View Single Post
  #8   Report Post  
Old March 8th 11, 12:35 AM posted to rec.radio.amateur.antenna
tom tom is offline
external usenet poster
 
First recorded activity by RadioBanter: May 2009
Posts: 660
Default Radio waves faster than light

On 3/7/2011 11:27 AM, Szczepan Bialek wrote:
Uzytkownik napisal w wiadomosci
...
On Mar 7, 8:17 am, "Szczepan wrote:
" Using such a pulse pattern makes the echo, which arrives back from the
moon 2.4 seconds later". From:http://www.rense.com/general79/haarp.htm

"During the experiment, which was carried out on Oct. 28 and 29, 2007, the
radar signals from HAARP were at 7.4075 MHz and 9.4075 MHz"

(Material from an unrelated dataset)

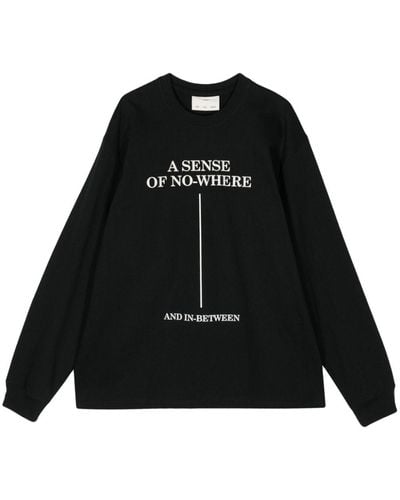 Song For The Mute Slogan-print Cotton Sweatshirt - ブラック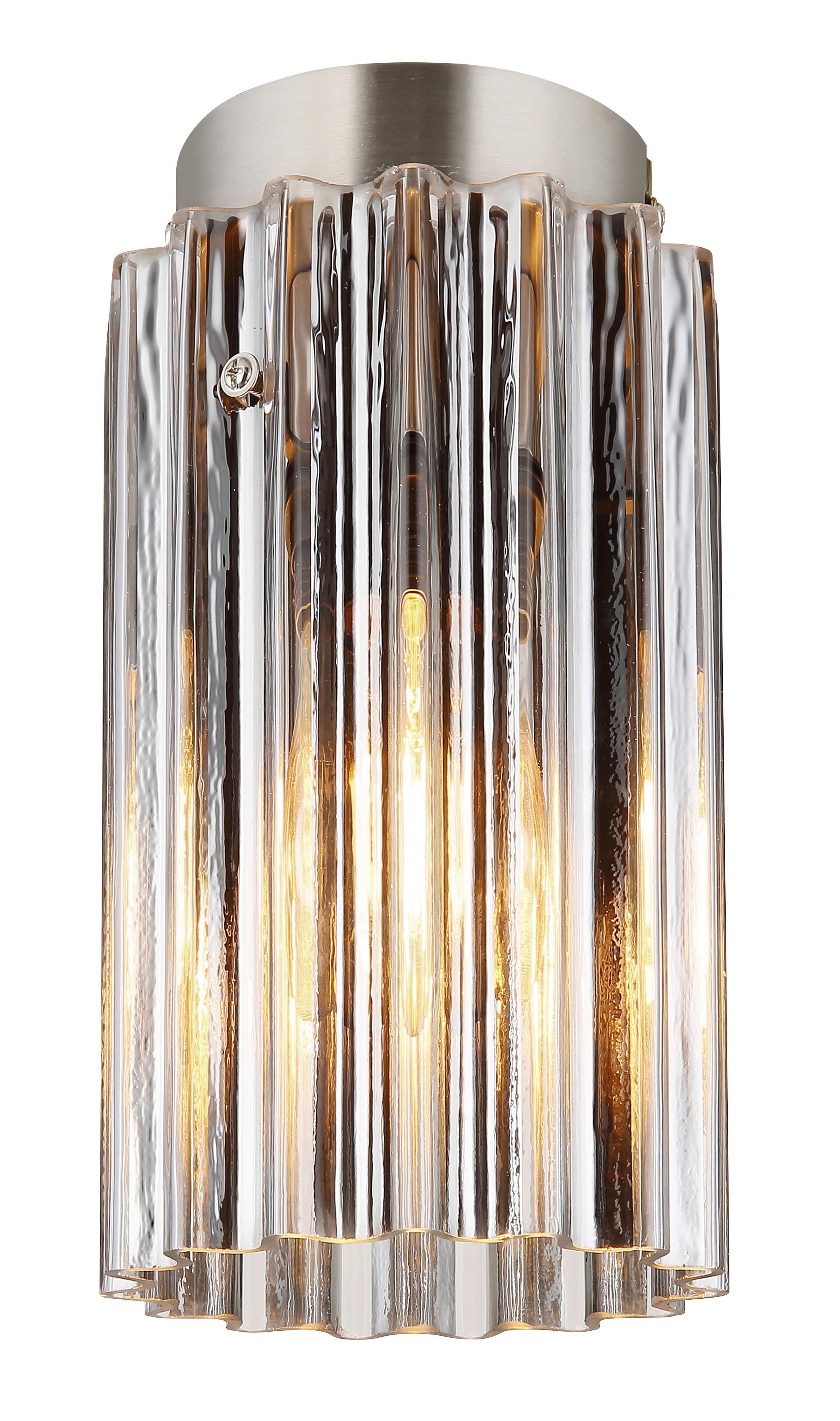 Deckenleuchte Cayden Klar Nickelfarben D: 11,5 cm - Klar/Nickelfarben, KONVENTIONELL, Glas/Metall (11.5/21cm) - Globo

I do not know the distance to Moon on that days but for the mean distance
384 000 km the speed is:

384 000/2.4 = 320 000 km/s.


Should be 2x384 000/2.4 = 320 000 km/s.

Speed of light is 300 000.

But long waves travel quicker in glass. Would be the same in space?
S*


i'm glad you checked their calculation and found that obvious error...
i guess all the other radar calibrations in the world have to be
changed to account for the bialek speed effect... i wonder if that
would get you out of a radar gun speeding ticket?

Did you communications via Moon?
S*



I have, at another amateur's station, on 432 MHz. Surprisingly the
speed came out almost dead on 300m/microsecond. Used .wav file
recording of transmit and echo and a good sound file editor with
sub-millisecond resolution when zoomed.